(Your goal): Your response should consist solely of the lines from the one containing "Navy Blue Shaker" through the end of the data, copied exactly.

(Source material):
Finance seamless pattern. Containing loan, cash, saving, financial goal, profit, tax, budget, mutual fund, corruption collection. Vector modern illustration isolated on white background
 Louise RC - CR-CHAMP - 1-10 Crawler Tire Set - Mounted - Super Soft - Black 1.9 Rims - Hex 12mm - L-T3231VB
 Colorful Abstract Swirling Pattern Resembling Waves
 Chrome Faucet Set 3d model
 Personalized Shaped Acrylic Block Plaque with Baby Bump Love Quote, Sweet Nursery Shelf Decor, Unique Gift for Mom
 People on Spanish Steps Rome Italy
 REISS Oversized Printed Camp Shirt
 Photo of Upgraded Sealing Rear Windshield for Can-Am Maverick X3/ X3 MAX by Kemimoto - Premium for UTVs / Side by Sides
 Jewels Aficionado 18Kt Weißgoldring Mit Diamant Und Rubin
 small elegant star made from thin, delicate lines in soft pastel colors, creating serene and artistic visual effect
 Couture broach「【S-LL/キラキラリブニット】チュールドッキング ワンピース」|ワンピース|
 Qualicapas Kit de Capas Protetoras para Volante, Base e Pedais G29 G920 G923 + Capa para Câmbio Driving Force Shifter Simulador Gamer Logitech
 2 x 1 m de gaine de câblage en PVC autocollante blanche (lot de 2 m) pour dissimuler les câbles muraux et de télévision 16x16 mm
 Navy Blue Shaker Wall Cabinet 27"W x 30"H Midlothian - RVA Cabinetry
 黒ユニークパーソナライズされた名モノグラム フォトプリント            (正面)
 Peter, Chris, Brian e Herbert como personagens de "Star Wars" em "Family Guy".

(Task result):
 Navy Blue Shaker Wall Cabinet 27"W x 30"H Midlothian - RVA Cabinetry
 黒ユニークパーソナライズされた名モノグラム フォトプリント            (正面)
 Peter, Chris, Brian e Herbert como personagens de "Star Wars" em "Family Guy".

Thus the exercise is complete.